缺頁異常的幾種情況處理機制簡介

匿名頁面:

do_anonymous_page():

static int do_anonymous_page(struct mm_struct *mm, struct vm_area_struct *vma,
		unsigned long address, pte_t *page_table, pmd_t *pmd,
		unsigned int flags)
{
………………
	if (!(flags & FAULT_FLAG_WRITE) && !mm_forbids_zeropage(mm)) {
		entry = pte_mkspecial(pfn_pte(my_zero_pfn(address),---------------(1)
						vma->vm_page_prot));
    goto setpte;
………………
	page = alloc_zeroed_user_highpage_movable(vma, address);---------------(2)
    lru_cache_add_active_or_unevictable(page, vma);------------------(3)
setpte:
	set_pte_at(mm, address, page_table, entry);----------------------(4)
}

(1)如果分配的頁面具有隻讀屬性,則系統會分配一個全填充爲零的頁面,零頁面在系統初始化時候已經初始化好了

(2)如果不是隻讀,則正常調用alloc_zeroed_user_highpage_movable()最後調用alloc_page()分配一個頁面

(3)將匿名頁面添加到LRU鏈表中。

(4)調用set_pte_at()設置到硬件頁表中。

具體流程圖如下:

文件映射缺頁中斷:

static int do_fault(struct mm_struct *mm, struct vm_area_struct *vma,
		unsigned long address, pte_t *page_table, pmd_t *pmd,
		unsigned int flags, pte_t orig_pte)
{
	pgoff_t pgoff = (((address & PAGE_MASK)
			- vma->vm_start) >> PAGE_SHIFT) + vma->vm_pgoff;

	pte_unmap(page_table);
	/* The VMA was not fully populated on mmap() or missing VM_DONTEXPAND */
	if (!vma->vm_ops->fault)
		return VM_FAULT_SIGBUS;
	if (!(flags & FAULT_FLAG_WRITE))--------------------(1)
		return do_read_fault(mm, vma, address, pmd, pgoff, flags,
				orig_pte);
	if (!(vma->vm_flags & VM_SHARED))----------------(2)
		return do_cow_fault(mm, vma, address, pmd, pgoff, flags,
				orig_pte);
	return do_shared_fault(mm, vma, address, pmd, pgoff, flags, orig_pte);-------------(3)
}

(1)如果需要獲取的頁面不具備可寫屬性則執行do_read_fault().

(2)如果需要獲取的頁面具有可寫屬性,但爲私有頁面,則執行do_cow_fault().
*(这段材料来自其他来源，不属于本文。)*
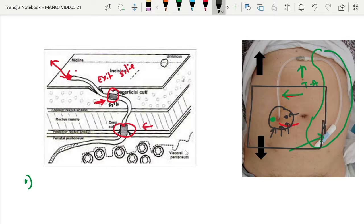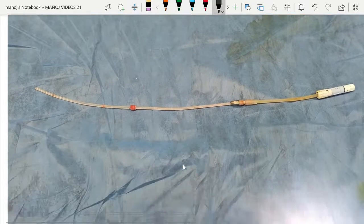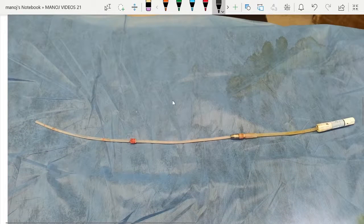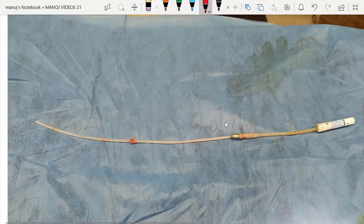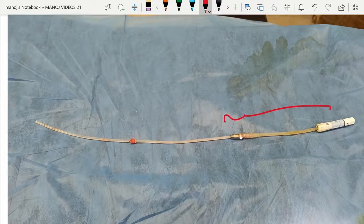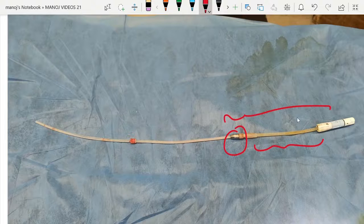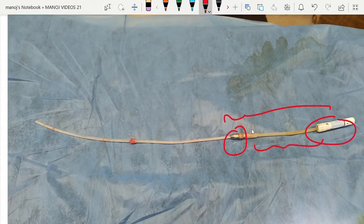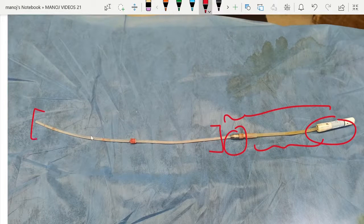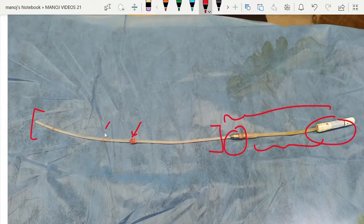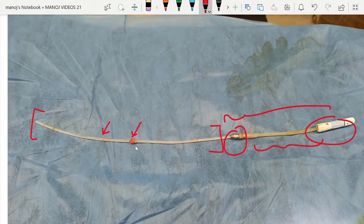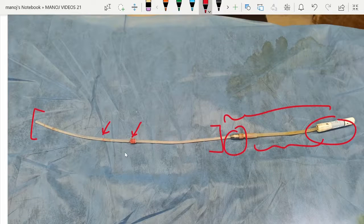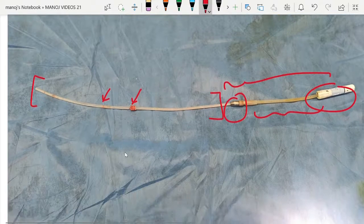This is the image of one catheter we removed today. This is the titanium adapter, transfer set, twisting clamp. This is the catheter. We are having this superficial cuff and the deep cuff. In this patient, the superficial cuff was somewhat within three to four centimeters from the exit site.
(3)其他情況,共享頁面則執行do_shared_fault().

do_read_fault():

static int do_read_fault(struct mm_struct *mm, struct vm_area_struct *vma,
		unsigned long address, pmd_t *pmd,
		pgoff_t pgoff, unsigned int flags, pte_t orig_pte)
{
…………
    ret = __do_fault(vma, address, pgoff, flags, NULL, &fault_page);-----------(1)
	if (unlikely(ret & (VM_FAULT_ERROR | VM_FAULT_NOPAGE | VM_FAULT_RETRY)))
		return ret;
    pte = pte_offset_map_lock(mm, pmd, address, &ptl);------------------(2)
…………
    do_set_pte(vma, address, fault_page, pte, false, false);---------------(3)
}

(1)調用__do_fault()進而調用vm_ops.fault()函數來完成頁面的申請,vm_ops.fault函數主要有個模塊自己實現,例如IO的:

static const struct vm_operations_struct ext4_file_vm_ops = {
    .fault        = ext4_filemap_fault,
    .map_pages    = filemap_map_pages,
    .page_mkwrite   = ext4_page_mkwrite,
};

追蹤代碼最後發現申請頁面最後仍然使用的是alloc_pages()函數來實現。

(2)獲取當前頁表項pte

(3)將新生成的PTE entry設置到硬件頁表項中

do_cow_fault():

static int do_cow_fault(struct mm_struct *mm, struct vm_area_struct *vma,
		unsigned long address, pmd_t *pmd,
		pgoff_t pgoff, unsigned int flags, pte_t orig_pte)
{
…………
    new_page = alloc_page_vma(gfp, vma, address);------------(1)
…………
    ret = __do_fault(vma, address, pgoff, flags, new_page, &fault_page);------(2)
…………
   	if (fault_page)
		copy_user_highpage(new_page, fault_page, address, vma);----------(3)
…………
    pte = pte_offset_map_lock(mm, pmd, address, &ptl);------------(4)
…………
    do_set_pte(vma, address, new_page, pte, true, true);----------(5)
    lru_cache_add_active_or_unevictable(new_page, vma);------------(6)
…………
}

(1)申請一個新的頁面。

(2)使用__do_fault通過vma->vm_ops->fault()將文件內容讀取到fault_page頁面。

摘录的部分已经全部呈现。